Asoman los primeros rayos de luz a las 6 de la mañana. Muy pronto. Son días de aparente descanso. Todavía puedo dormir algunas horas más, me digo, mientras se levanta el cuerpo y los brazos adormecidos bajan la persiana. Fuera la vida acaba de empezar.
Se acuesta la luna –espía de las noches de verano- y el sol dora de nuevo el campo. En el huerto crecen los tomates que me servirán de cena. Y las lechugas y las judías que obligan a una recolección casi diaria. Y las berenjenas que cocerá mamá a última hora de la tarde en esa chimenea que alumbra algunas noches de verano durante las cuales la compañía de amigos se alía con el aire que mece los árboles.
Todo queda a oscuras cuando bajo la persiana. Regresa el sueño –pesado debido a los madrugones provocados por la insaciable sed de la lectura, de vuelta de un país lejano-. Y de repente la sonrisa. El chillido. Y ese cuerpecito. El mejor despertar se llama Max. Enérgico como prueba de que la genética no es una broma, hace equilibrios mientras rodea su cuna. Ha llegado la hora de dormir. La niñera se llama aquí abuela. Y su paciencia es tal que se tumba hasta que la respiración del pequeño desvela un sueño profundo.

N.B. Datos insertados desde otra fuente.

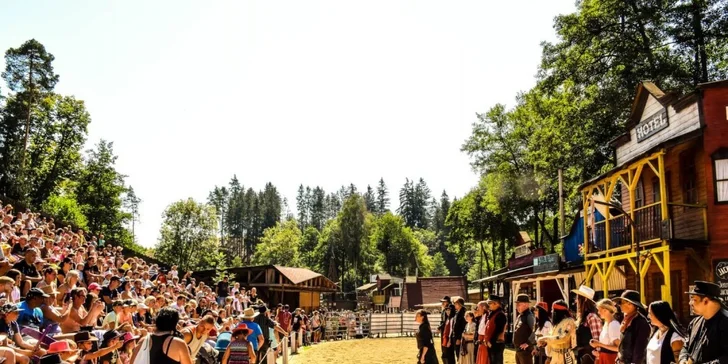 Zažite letné dobrodružstvo vo westernovom mestečku Šikland: skvelé vystúpenia, animačné programy, nočná ohňová show a chutné jedlo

Pa amb tomàquet para desayunar. Café con leche de soja para acompañarlo. Y de repente la respuesta a aquella pregunta hecha en otro continente. “¿Qué es lo que más extrañas de tu país?”. No extraño cosas en concreto, extraño espacios asociados a momentos. Como ese instante en el que todo lo necesario para empezar el día está delante de las narices y las ventanas abiertas son el decorado perfecto para morder el primer pedazo de día.
Digiero el café con leche mientras llega la bolsa de la compra. La prueba de que Max se ha quedado dormido. Leo a grandes rasgos los titulares de las primeras páginas y me llevo el resto a la piscina, donde el viajero es siempre extranjero. “¿Y ahora en qué país estás?” He estado en Guatemala. “Ah, y ¿qué tal?” Sonrisas internas… Y la mirada perdida ¿Se pueden resumir 9 meses de intensidad? Intentémoslo…"Muy bien, gracias"…De lejos, los murmullos revelan un submundo de conversaciones capaces de recorrer todos los rincones del pueblo.
Discurre la tarde con la rapidez que otorga la cotidianeidad. Cada uno a su hora llegan los camiones que descargarán en la empresa familiar. Al fondo el ruido de las máquinas deja constancia de las actividades. Dentro, mamá desconoce la quietud. Recorre todas las estancias con la misma certeza con la que cuida a los más pequeños. La experiencia se convertierte con los pequeños en tesoro. Hasta que el sol baje de intensidad. Entonces se dirigirá al huerto y cuidará ese espacio, donde –como en casa- también es dueña. Y sus cuidados se olerán en el plato.
El calor familiar atrae en ocasiones a la hermana, cliente asidua de los productos cultivados en casa. Con su llegada se esparcen los gritos de los más pequeños. Jugarán a pelota en el jardín, donde reclaman la presencia de un adulto. Se reirán, se tumbarán en el suelo. Y de repente llegarán -con ellos- las mejores escenas del día. Testigos de la alegría infantil. Momentos inéditos esos en que Martí devorará un helado mientras Max, dos años menor, le persigue. Risas inquebrantables. El campo de fondo y el aire de testigo. “Nos iremos cuando salgan dos estrellas”, reprocha Martí a la pregunta de si es momento de irse. Nuevas risas. El ingenio, entre los más jóvenes, resulta doblemente ingenioso.
Algunos atardeceres la compañía es de vecinos. Muchos son habituales. Otros nuevos. Se acercan a las sillas situadas enfrente del jardín y se charla. Se comparten vivencias diarias, se sigue curioseando sobre los demás. Se habla de nietos. Y de esas horas pasadas al lado de un fuego haciendo mermeladas y jugo de tomate casero. Y de la manzanilla recogida en un campo para regalarla a los hijos.
Y de repente asoma esa certeza incierta, en boca de una vecina:
-Mi hija me dice que todo eso se perderá el día que yo no esté.
Y me quedo pensando: ¿De verdad puede toda esta vida desvanecerse?